■ Work item ■
Set down the records again, keeping each line exactly as it is.

■ Dataset records ■
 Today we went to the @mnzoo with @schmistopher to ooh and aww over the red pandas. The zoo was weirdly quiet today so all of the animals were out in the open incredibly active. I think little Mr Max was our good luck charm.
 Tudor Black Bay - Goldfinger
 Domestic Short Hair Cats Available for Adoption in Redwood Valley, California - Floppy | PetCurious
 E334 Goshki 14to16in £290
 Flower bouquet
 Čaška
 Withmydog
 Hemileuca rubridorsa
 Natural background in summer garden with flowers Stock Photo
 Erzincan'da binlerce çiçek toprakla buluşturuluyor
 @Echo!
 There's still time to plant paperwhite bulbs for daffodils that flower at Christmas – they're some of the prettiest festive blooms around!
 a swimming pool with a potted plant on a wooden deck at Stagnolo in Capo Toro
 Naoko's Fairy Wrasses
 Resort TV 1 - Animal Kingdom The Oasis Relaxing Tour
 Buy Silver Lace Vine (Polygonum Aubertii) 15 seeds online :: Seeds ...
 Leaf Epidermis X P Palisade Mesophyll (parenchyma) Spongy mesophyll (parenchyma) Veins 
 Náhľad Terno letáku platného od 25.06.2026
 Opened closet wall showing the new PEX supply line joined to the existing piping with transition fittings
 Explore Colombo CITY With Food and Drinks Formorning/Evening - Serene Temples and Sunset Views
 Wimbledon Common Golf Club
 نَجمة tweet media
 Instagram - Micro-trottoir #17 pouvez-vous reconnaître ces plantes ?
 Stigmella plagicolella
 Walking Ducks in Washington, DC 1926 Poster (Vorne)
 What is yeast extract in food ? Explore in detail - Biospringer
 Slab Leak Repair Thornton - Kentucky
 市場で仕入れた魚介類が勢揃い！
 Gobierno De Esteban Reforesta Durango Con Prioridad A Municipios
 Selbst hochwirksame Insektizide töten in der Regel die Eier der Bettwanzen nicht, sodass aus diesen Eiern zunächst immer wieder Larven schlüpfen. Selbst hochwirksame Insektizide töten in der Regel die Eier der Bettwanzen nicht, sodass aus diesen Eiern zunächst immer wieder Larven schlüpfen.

■ Result of this exercise ■
 Today we went to the @mnzoo with @schmistopher to ooh and aww over the red pandas. The zoo was weirdly quiet today so all of the animals were out in the open incredibly active. I think little Mr Max was our good luck charm.
 Tudor Black Bay - Goldfinger
 Domestic Short Hair Cats Available for Adoption in Redwood Valley, California - Floppy | PetCurious
 E334 Goshki 14to16in £290
 Flower bouquet
 Čaška
 Withmydog
 Hemileuca rubridorsa
 Natural background in summer garden with flowers Stock Photo
 Erzincan'da binlerce çiçek toprakla buluşturuluyor
 @Echo!
 There's still time to plant paperwhite bulbs for daffodils that flower at Christmas – they're some of the prettiest festive blooms around!
 a swimming pool with a potted plant on a wooden deck at Stagnolo in Capo Toro
 Naoko's Fairy Wrasses
 Resort TV 1 - Animal Kingdom The Oasis Relaxing Tour
 Buy Silver Lace Vine (Polygonum Aubertii) 15 seeds online :: Seeds ...
 Leaf Epidermis X P Palisade Mesophyll (parenchyma) Spongy mesophyll (parenchyma) Veins 
 Náhľad Terno letáku platného od 25.06.2026
 Opened closet wall showing the new PEX supply line joined to the existing piping with transition fittings
 Explore Colombo CITY With Food and Drinks Formorning/Evening - Serene Temples and Sunset Views
 Wimbledon Common Golf Club
 نَجمة tweet media
 Instagram - Micro-trottoir #17 pouvez-vous reconnaître ces plantes ?
 Stigmella plagicolella
 Walking Ducks in Washington, DC 1926 Poster (Vorne)
 What is yeast extract in food ? Explore in detail - Biospringer
 Slab Leak Repair Thornton - Kentucky
 市場で仕入れた魚介類が勢揃い！
 Gobierno De Esteban Reforesta Durango Con Prioridad A Municipios
 Selbst hochwirksame Insektizide töten in der Regel die Eier der Bettwanzen nicht, sodass aus diesen Eiern zunächst immer wieder Larven schlüpfen. Selbst hochwirksame Insektizide töten in der Regel die Eier der Bettwanzen nicht, sodass aus diesen Eiern zunächst immer wieder Larven schlüpfen.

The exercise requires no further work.